◆ Excerpted records ◆
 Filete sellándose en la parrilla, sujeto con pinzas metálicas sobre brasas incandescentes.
---
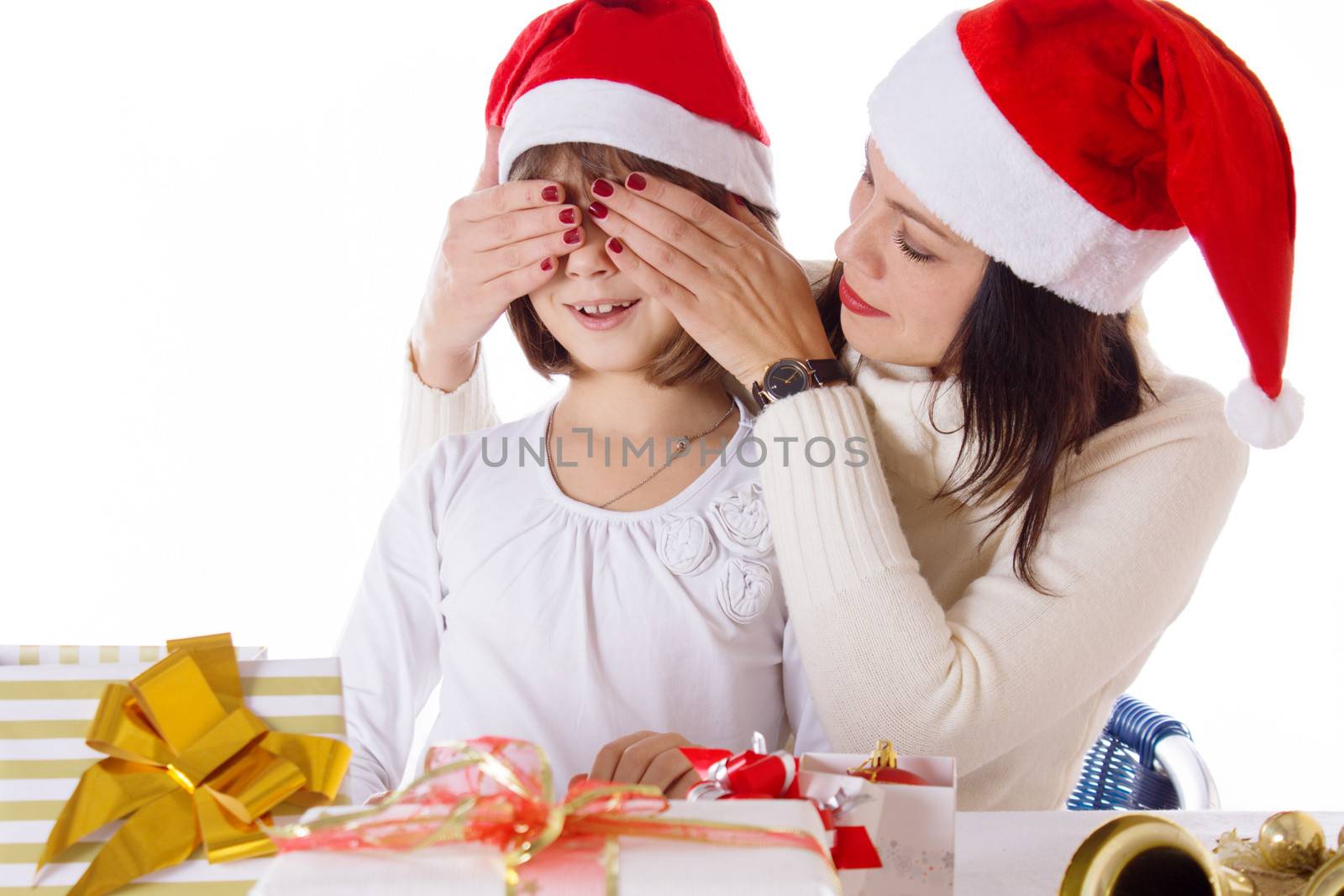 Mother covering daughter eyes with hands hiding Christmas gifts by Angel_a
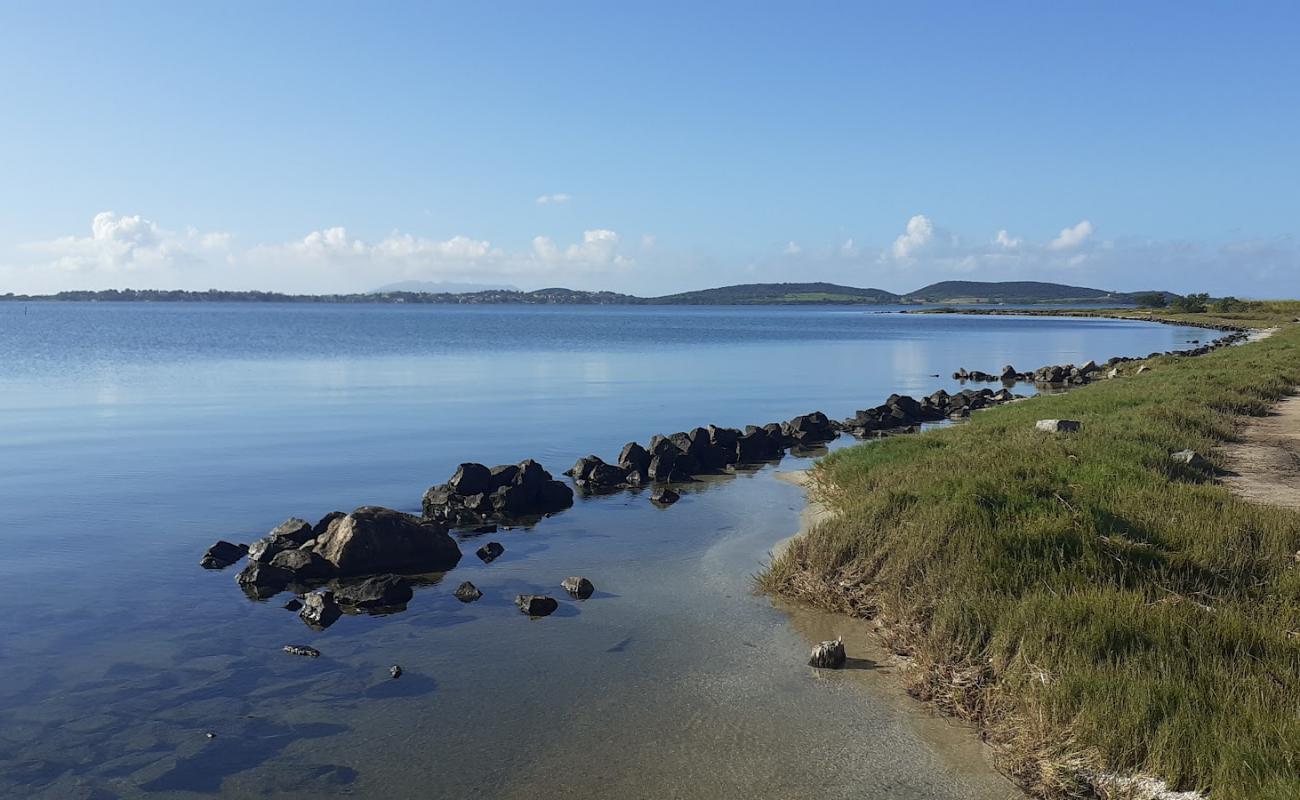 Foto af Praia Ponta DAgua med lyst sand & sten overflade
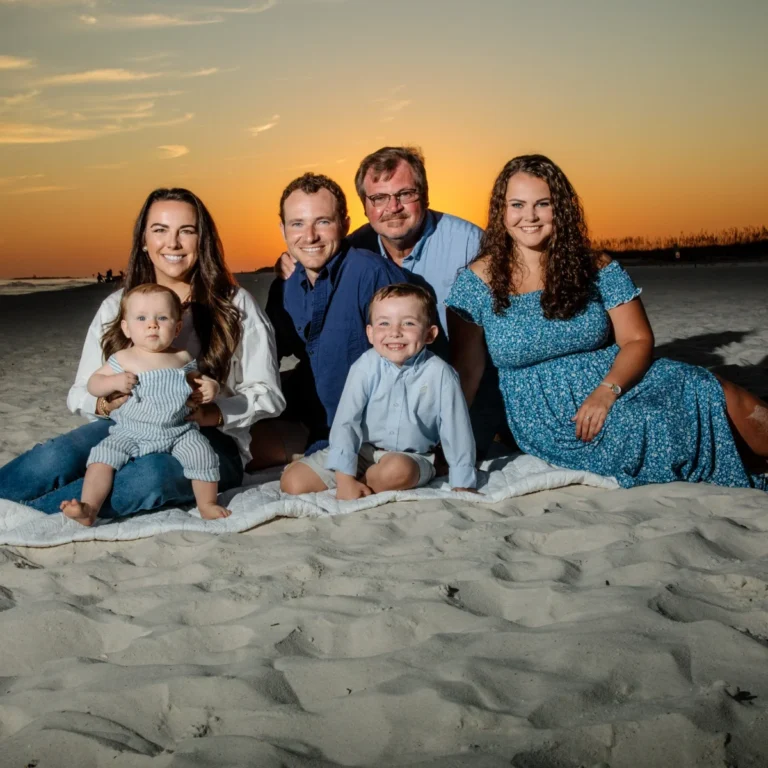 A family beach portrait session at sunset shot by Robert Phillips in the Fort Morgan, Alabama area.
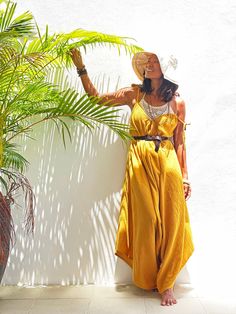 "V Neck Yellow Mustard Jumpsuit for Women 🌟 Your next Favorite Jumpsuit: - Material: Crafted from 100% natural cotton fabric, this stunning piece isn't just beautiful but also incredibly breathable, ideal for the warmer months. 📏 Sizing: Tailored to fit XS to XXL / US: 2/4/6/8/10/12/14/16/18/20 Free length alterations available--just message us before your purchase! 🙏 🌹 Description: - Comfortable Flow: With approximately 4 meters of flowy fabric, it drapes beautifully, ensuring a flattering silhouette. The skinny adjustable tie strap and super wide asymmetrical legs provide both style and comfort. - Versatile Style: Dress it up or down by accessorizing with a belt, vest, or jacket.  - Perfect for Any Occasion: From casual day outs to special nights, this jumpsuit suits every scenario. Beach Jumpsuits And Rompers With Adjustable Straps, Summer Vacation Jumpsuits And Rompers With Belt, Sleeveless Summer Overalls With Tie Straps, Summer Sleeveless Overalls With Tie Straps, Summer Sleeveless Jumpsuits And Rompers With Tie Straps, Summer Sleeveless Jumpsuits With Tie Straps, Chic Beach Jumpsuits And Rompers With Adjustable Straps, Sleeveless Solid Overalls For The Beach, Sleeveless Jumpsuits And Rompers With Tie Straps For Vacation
==
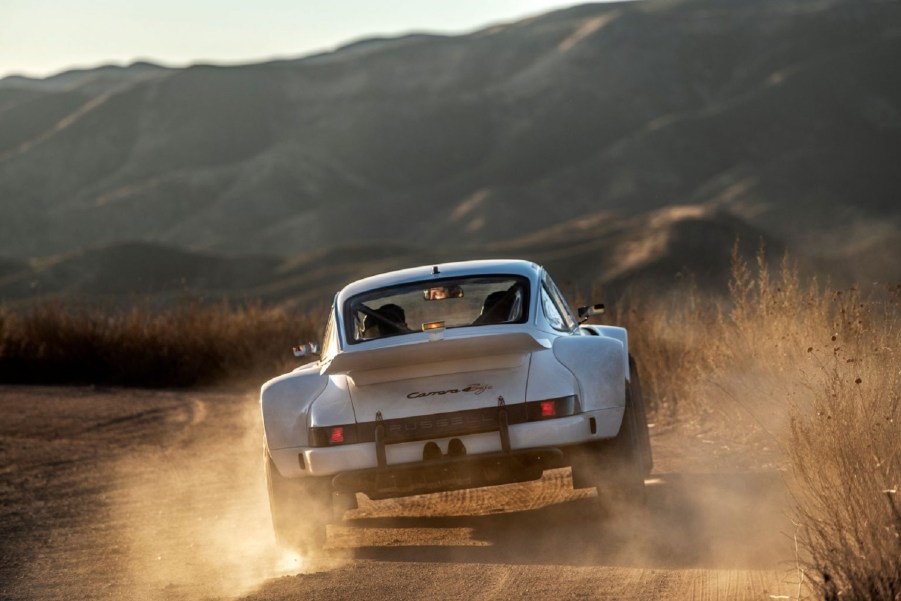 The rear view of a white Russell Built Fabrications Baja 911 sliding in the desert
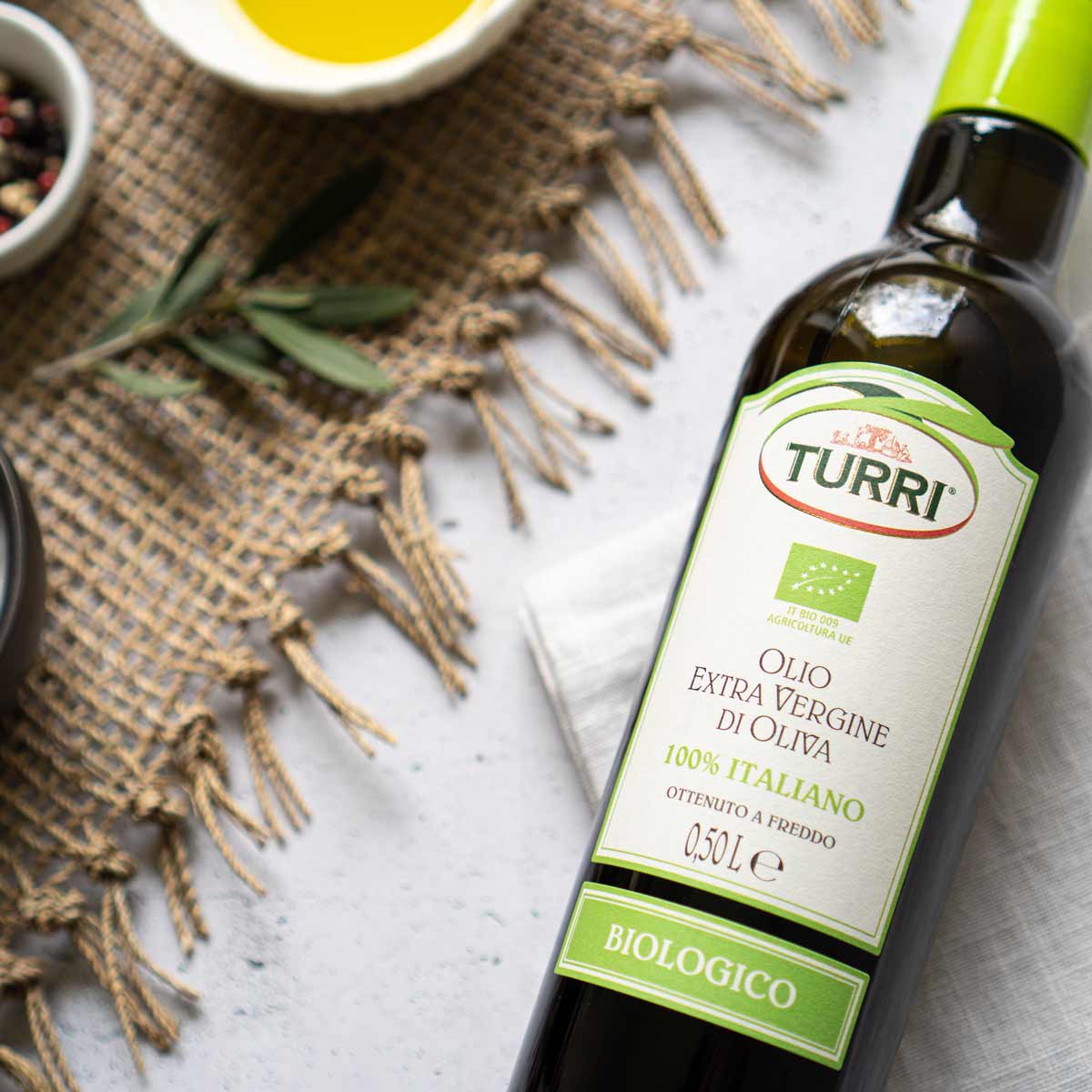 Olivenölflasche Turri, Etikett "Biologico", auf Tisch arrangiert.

◆ Exercise ◆
Copy everything above from the line holding "Foto af Praia" down to the line holding "A family beach", both ends included, exactly as it stands and without the pictures.

◆ Response area ◆
 Foto af Praia Ponta DAgua med lyst sand & sten overflade
 A family beach portrait session at sunset shot by Robert Phillips in the Fort Morgan, Alabama area.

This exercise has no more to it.